ZFS on single virtual disk

btrfsfile-servertruenaszfs

  • How do companies manage large file servers (e.g. 17 TB) and their related
    backups on a very tight-budget?
  • Is it ok to use ZFS (or BTRFS) on a single virtual disk for its copy-on-write nature to eliminate the need for fsck? (i.e. not for its RAID, snapshot, etc. features)

Specific situation:

We need to retire an ancient problematic storage system which was serving NFS storage for virtuals and is still our main file server. I now have a new 40TB iSCSI FreeNAS-based storage system and have already vMotion’ed all virtuals from old storage to new, but the 17 TB of SMB/CIFS & AFP shared files remain.

Backups are done via rsync which takes to long to scan 17 TB, so we’ve split into two volumes:

  • 13 TB on a read-only “archive” volume for files that haven’t been
    modified for a year. To backup we simply make onsite and offsite
    copies using rsync – no need for daily backup versions.
  • 4 TB live writable storage. This is backed up daily with rsync and uses hard-links to create “snapshots” / versions of the state of the
    file server on that particular day, so that we can recover
    overwritten files.

IT staff move files from archive to live when modifications are required, but these requests are now multiple times a day and no longer acceptable.

Original plan:

  • Create a virtual Linux file server.
  • Create 2x virtual disks on our new 40TB storage system. (13 TB archive + 4 TB writable live)
  • Format above disks with ext4 file systems
  • Use UnionFS with cow mount option to present a single unified view of above file systems to users, with all writes going to the 4TB writable system.

Problems with original plan:

  • We are outgrowing the file-based nature of rsync as a backup tool, e.g. renaming a 1TB top-level folder results in a complete new copy of the entire 1TB folder. This would only add a few KB to a block-based backup.
  • Implementing UnionFS just adds yet another layer of complication to the whole system, which I would really like to avoid.
  • Due to rsync having to rescan the whole file server to compare changed files, it takes a very long time to complete backups, even if only a few files were changed.
  • It requires us to do continuous archiving to keep writable volume small enough for backups to complete overnight.

Alternative plan 1: One large volume and ZFS snapshots for backups

  • Create planned Linux file server above, but with one large volume, instead of two, eliminating the need for UnionFS
  • To back up this very large server, which would take too long with rsync, use ZFS snapshots instead and use “zfs send” to replicate offsite.

Problem with alternative plan 1:

  • fsck on a 17 TB ext4 file system would take days! Imagine a Monday-morning incident requiring a restart and forced fsck at boot, or worse, a file system corruption!

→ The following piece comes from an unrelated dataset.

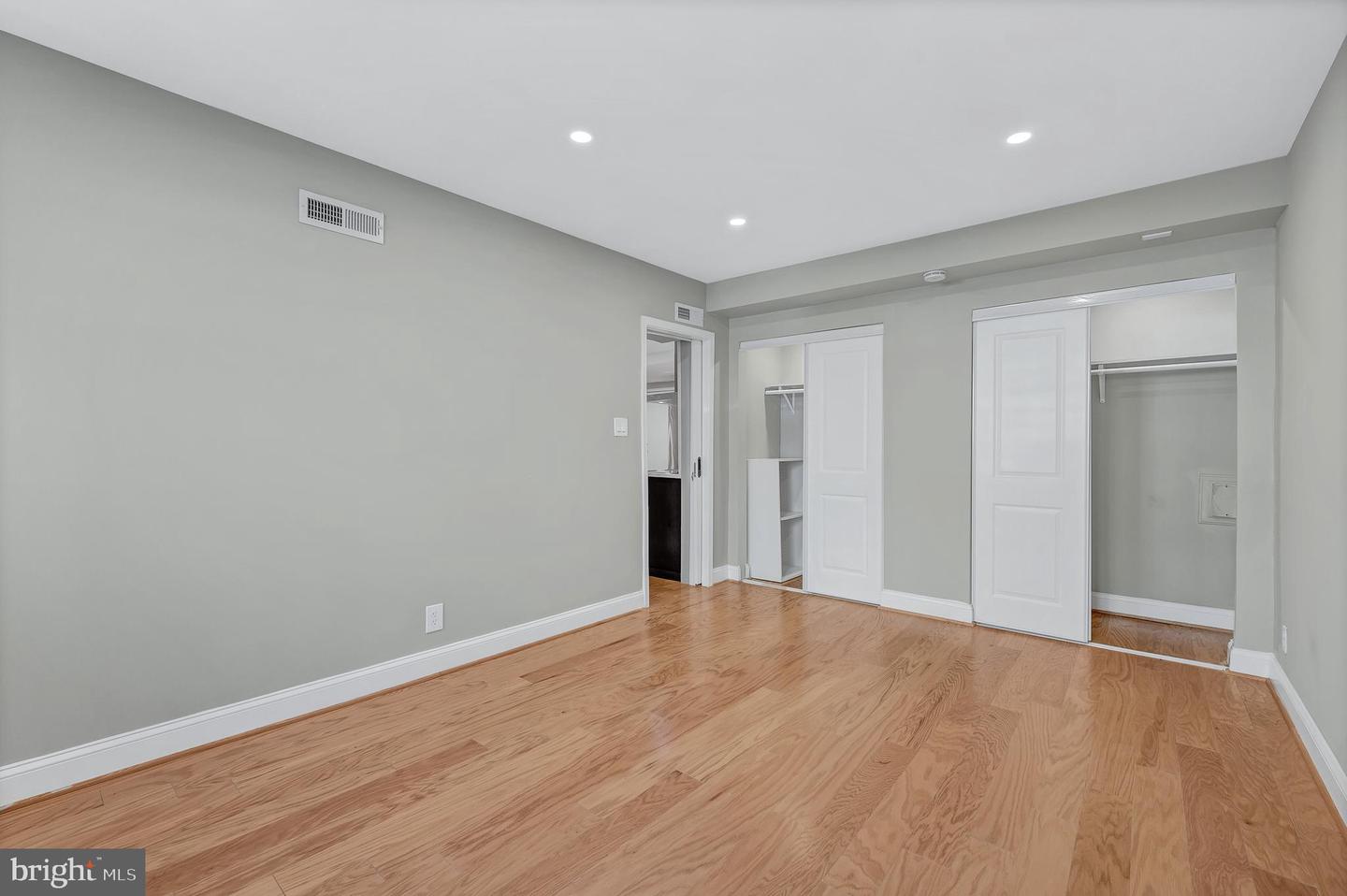 4707 CONNECTICUT AVE NW #103, WASHINGTON, District Of Columbia 20008, 1 Bedroom Bedrooms, ,1 BathroomBathrooms,Residential,For sale,4707 CONNECTICUT AVE NW #103,DCDC2245854 MLS # DCDC2245854 4707 CONNECTICUT AVE NW #103, WASHINGTON, District Of Columbia 20008, 1 Bedroom Bedrooms, ,1 BathroomBathrooms,Residential,For sale,4707 CONNECTICUT AVE NW #103,DCDC2245854 MLS # DCDC2245854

Alternative plan 2: ZFS/BTRFS file system on Linux server

  • As per alternative plan 1, but use a copy-on-write file system such as ZFS or BTRFS instead of ext4, because these don’t require fsck.

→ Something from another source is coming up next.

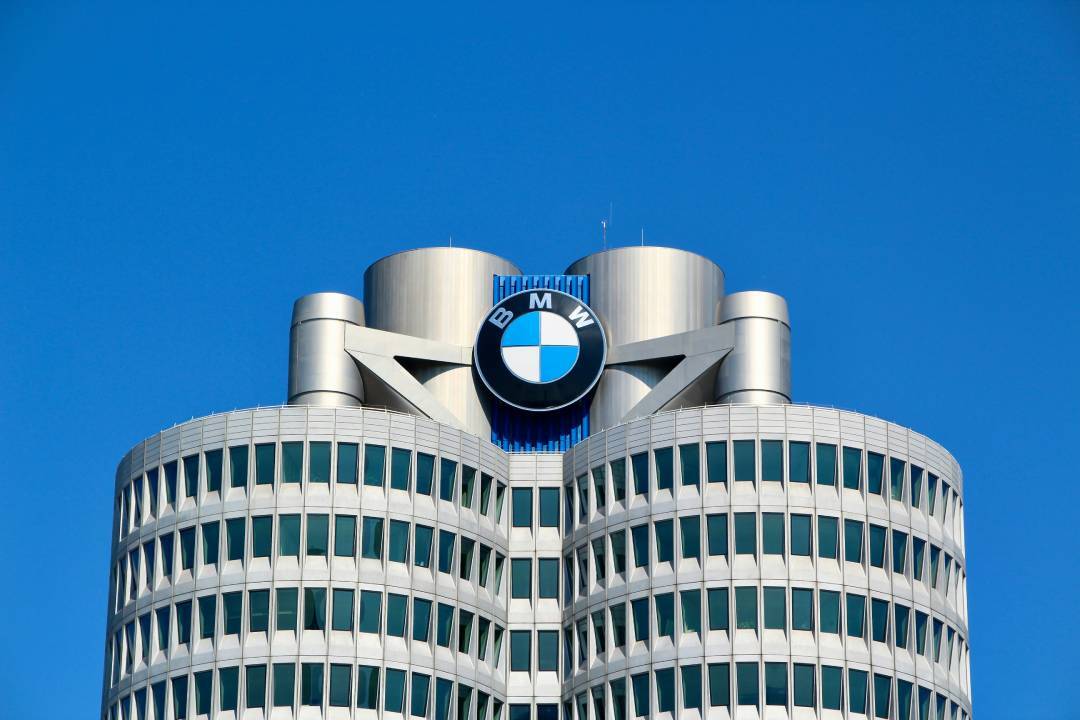 Об имени владельца BMW теперь расскажут боковые зеркала, ставшие…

Questions/concerns for alternative plan 2:

  • Both ZFS and BTRFS want direct access to raw disks to implement their own RAID and are therefore not normally used on virtual disks. How well will this work on a single virtual disk?

Alternative plan 3: FreeNAS as file server directly

  • Instead of having a separate virtual file server, share files from FreeNAS directly

Problem with alternative plan 3:

  • We need to install various packages and custom perl/bash/python scripts to integrate this file server with our job tracking system. This will be fine on straight Linux, but I don't think it's a good idea on a pre-packaged FreeBSD-based ZFS storage system (FreeNAS). Updates may overwrite our changes, etc.

Questions:

  • Is alternative plan 2 – ZFS on single virtual disk – a good idea? If not, why?
  • Can anyone suggest any better options?

Best Answer

How do companies manage large file servers (e.g. 17 TB) and their related backups on a very tight-budget?

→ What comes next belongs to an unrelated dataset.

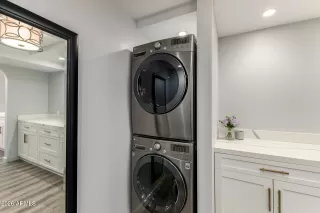 Photo #6: 6980958 Listing 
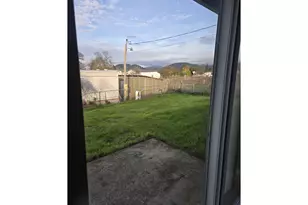 600 SE Carrol St, Winston, OR 97496 - Photo 4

It depends on the performance and budget constraints. For example, Backblaze (a cloud backup company) has a very tight budget for each TB, but they don't need top performance or response time for the data. Some other company might need cheap performance, but finds a way to reduce the data needed (with deduplication, pruning of old backup data or by simply reducing the actual data that may not be needed for the business).

Is it ok to use ZFS (or BTRFS) on a single virtual disk for its copy-on-write nature to eliminate the need for fsck? (i.e. not for its RAID, snapshot, etc. features)

I would not use BTRFS on anything non-development where you need to trust your data safety as first principle. I would use ZFS because I have not found a cheaper and safer alternative to it (other FS with similar features from IBM, NetApp etc. are more expensive, other free filesystems are either not mature enought (HAMMER2, BTRFS) or lack essential features (ext2/3/4, reiserfs, etc.).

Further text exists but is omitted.